Well, now the drawer is so full that it won’t close any more. It is now time for me to figure out how to empty out the drawer and deal with, live with, or get rid of whatever is in there.
I have been working on finding a therapist since the day, but this is definitely easier said than done. Finding someone who resonates with your belief system (no christian counseling please – geez, is everyone pushing their christianity these days – oops angry words), fits in with your schedule and within your network and actually has time to see you is really difficult. Be patient and active, that’s the mantra.
2. I am very much trying to own my emotions and to truly feel them, even if they are not entirely rational. Feelings are real, in any state and they shouldn’t be pushed aside. I am very overwhelmed by the emotional state I am in right now, but am crying when I need to cry and expressing my feelings either out loud or with words so that I can embrace all that is me.
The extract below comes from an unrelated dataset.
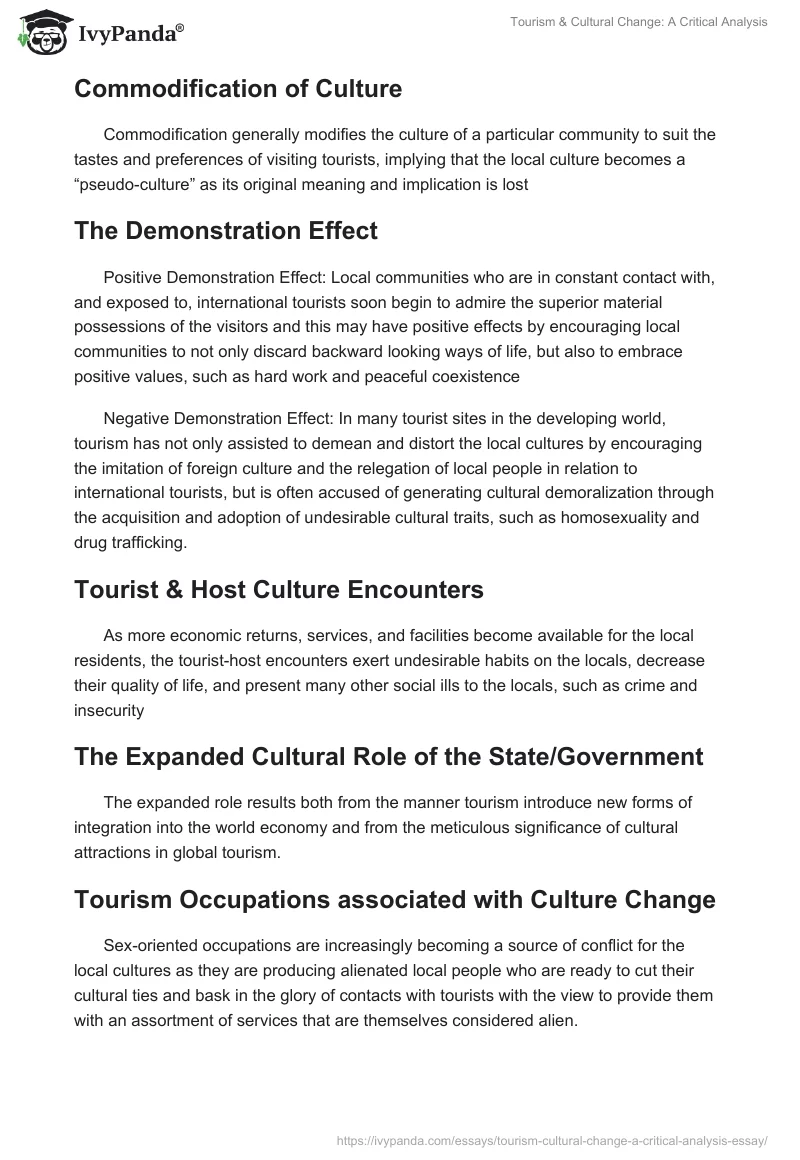 Tourism & Cultural Change: A Critical Analysis. Page 2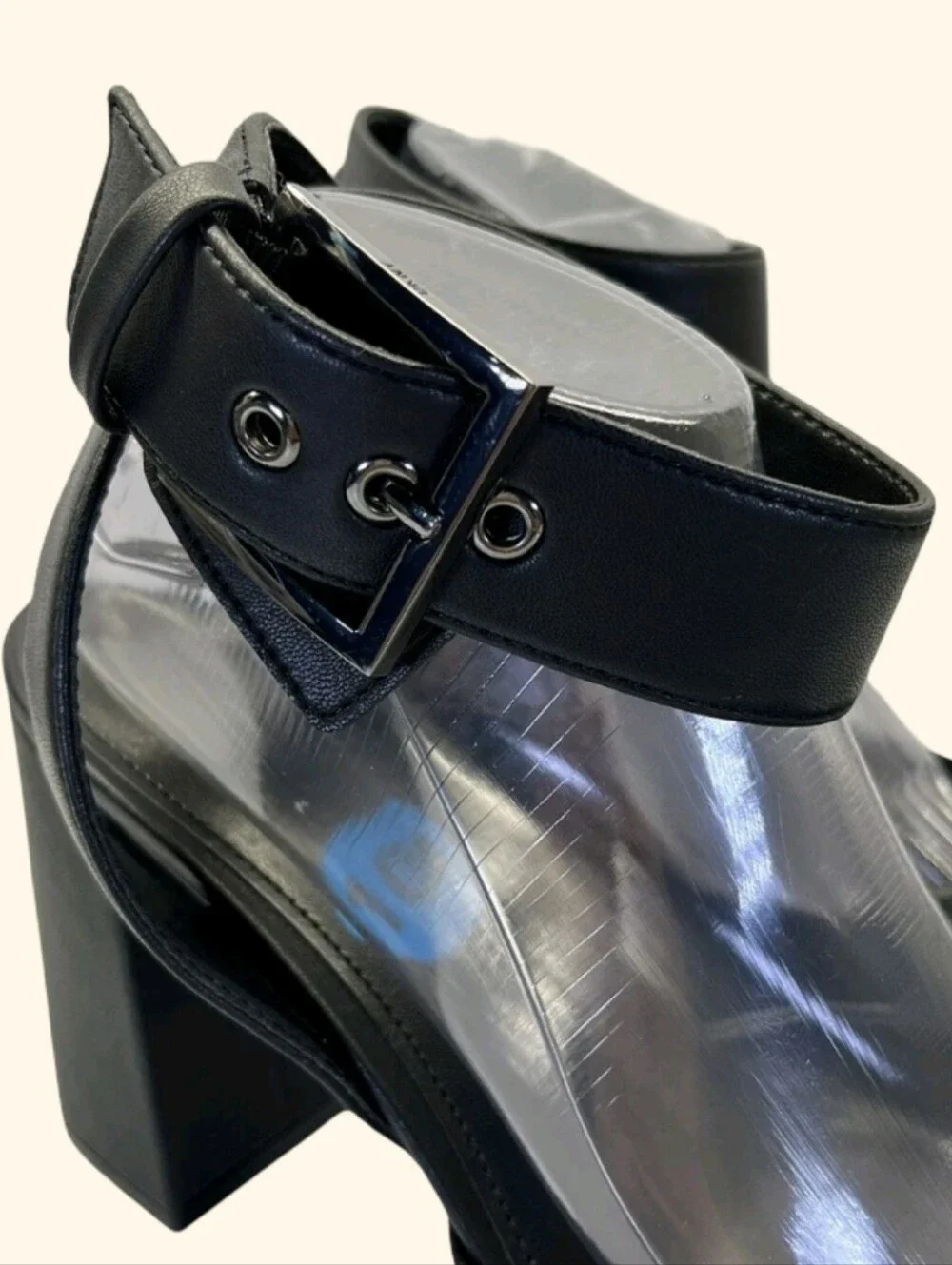 DKNY Black Leather Ankle Strap Platform‎ Block Heel Pumps Dress Shoes Size 8 New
Remaining in control and not starting down a destructive path is very important, but so is feeling all of this in a safe supportive environment. I want to feel whole and happy and motivated and inspired.
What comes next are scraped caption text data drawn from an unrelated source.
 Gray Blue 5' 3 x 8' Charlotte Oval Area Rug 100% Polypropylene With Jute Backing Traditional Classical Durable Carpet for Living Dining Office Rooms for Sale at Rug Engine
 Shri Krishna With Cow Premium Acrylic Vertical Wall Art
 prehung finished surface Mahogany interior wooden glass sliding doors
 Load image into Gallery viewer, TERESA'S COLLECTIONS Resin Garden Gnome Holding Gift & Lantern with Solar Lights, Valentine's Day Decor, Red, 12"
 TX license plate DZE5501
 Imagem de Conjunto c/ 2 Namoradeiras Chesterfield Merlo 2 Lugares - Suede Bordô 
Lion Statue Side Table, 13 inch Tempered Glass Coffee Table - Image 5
3. It is time for me to embrace who I am. I am a little quirky, a little introverted, and a lot of other really great things too. I am who I am and although life is a journey of change and hopefully improvement, I am proud of the person that I am. It takes great strength to come from where I was to where I am and I need to stop trying to be what everyone else expects of me and just be me.
In that vain, I am going to stop pussy footing around on this blog and just say what I have to say. That’s what this was supposed to be about after all, yet I have found myself tempering myself as to appear in a certain manner and by doing that, not really representing myself.
4. It is time to get my shit together and my life somewhat organized and working more smoothly. I am never going to find the time or energy to do whatever great things my future holds for me if I can’t even handle what I have now. Now, I know that more time will naturally come and that I can’t underestimate the demands of two kids 4 and 1, but there are self defeating patterns that I have propagated throughout my daily existence and it is time for those things to change. A little determination is in order and I am tired of feeling hopeless. Get moving.
When it comes right down to it, it is about feeling comfortable in my own skin. That is what I am working toward.
I am not sure I have ever been so angry.
My body is one big knot. Each day, I wake with a new knotted up muscles. Today it is in my right shoulder. Yesterday it was on the left side of my neck.
Yoga last night helped temperarly. My yoga bliss was a much needed reprieve, even if it only lasted a couple of hours. Today, the anger is back in full force.
I can feel it when I breathe, a hallow dullness in my chest, a slight dizziness, my head light, my thoughts muddied.
The tears come at the most inopportune times, when I most need them to stay stuffed down. I teeter on the edge of control, trying to put on a happy face and keep moving for the sake of my family and many times not too successful. My poor husband, I’m sorry.
This is a lesson in fear and weakness. Do not let things build up without saying anything. Years worth of frustration and bitterness are very hard to deal with all at once.